The latest of these remakes is The Hunger Games. The Hunger Games is, wait for it, a remake of a book, which has a story that is nearly identical in parts to a Japanese movie called Battle Royale which is a remake of a book under the same title.
Most of us tend to agree there is no such thing as an original idea. Inspiration is also another huge thing often mistaken for plagiarism in entertainment. Sometimes we see something that really speaks to our hearts, and we, sometimes even subconsciously, put a similar idea into our own works. In music, this is far more acceptable than in movies. Singers often will be completely upfront with who their inspirations are and what they inspired. In movies, however, originality of plot is one of the main selling points.

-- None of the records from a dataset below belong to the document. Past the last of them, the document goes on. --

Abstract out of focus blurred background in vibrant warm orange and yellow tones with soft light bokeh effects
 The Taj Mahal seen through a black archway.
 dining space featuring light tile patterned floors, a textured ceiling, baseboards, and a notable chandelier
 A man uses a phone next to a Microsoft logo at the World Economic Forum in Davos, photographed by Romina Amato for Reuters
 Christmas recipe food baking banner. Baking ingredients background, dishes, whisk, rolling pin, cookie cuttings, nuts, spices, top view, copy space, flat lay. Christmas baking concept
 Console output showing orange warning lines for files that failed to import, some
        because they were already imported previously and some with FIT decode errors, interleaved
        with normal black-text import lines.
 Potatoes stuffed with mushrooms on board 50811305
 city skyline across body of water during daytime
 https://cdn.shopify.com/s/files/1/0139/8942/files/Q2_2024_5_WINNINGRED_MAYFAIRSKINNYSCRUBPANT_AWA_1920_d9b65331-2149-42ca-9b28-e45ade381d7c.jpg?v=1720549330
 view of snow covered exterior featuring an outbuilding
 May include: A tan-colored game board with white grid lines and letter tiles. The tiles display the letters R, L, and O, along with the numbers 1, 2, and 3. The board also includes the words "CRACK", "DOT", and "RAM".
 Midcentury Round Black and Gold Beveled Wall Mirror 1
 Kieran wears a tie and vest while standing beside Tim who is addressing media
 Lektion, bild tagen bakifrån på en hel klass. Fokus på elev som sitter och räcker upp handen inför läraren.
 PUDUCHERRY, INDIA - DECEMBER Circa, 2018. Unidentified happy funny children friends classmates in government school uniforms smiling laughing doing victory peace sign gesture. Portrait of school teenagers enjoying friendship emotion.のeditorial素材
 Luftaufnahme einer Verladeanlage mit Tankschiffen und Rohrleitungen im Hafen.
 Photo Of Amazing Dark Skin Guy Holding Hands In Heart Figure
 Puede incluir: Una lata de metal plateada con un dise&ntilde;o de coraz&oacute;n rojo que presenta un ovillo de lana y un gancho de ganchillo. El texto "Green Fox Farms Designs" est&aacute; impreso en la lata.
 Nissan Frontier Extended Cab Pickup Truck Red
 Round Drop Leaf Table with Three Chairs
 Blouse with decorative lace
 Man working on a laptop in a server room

Where is the line between being inspired by something and copying it? A blogger named Connor Turnbull tried to tackle this question by saying “One is all about gaining motivation whereas the other is mindlessly duplicating.” Turnbull seems to suggest in his article that copying and being inspired is a gray line that only you can decide for yourself.
Honesty is key when dealing with this issue. Think to yourself how much credit you owe to your inspiration. Does your work just have a similar vibe, or can you draw clear and common parallels between the two? If it is the second, then perhaps take a second look at your work and try to personalize it more, separate it from its original to ensure you won’t be accused of stealing someone else’s work.
Art is a train of people being inspired by one another. When we create something, we put into it what has most deeply affected us. The person who made what most deeply affected us put into their work what most deeply affected them. This goes on back in history, making our art of today like a collage of the art from all time.
One important thing to remember about remakes is remaking a work doesn’t destroy the original. Remaking something only shows us a glimpse of how someone else saw some of our favorite works. Think of remakes as simply an exercise in empathy. Go ahead, put yourself in someone else’s shoes.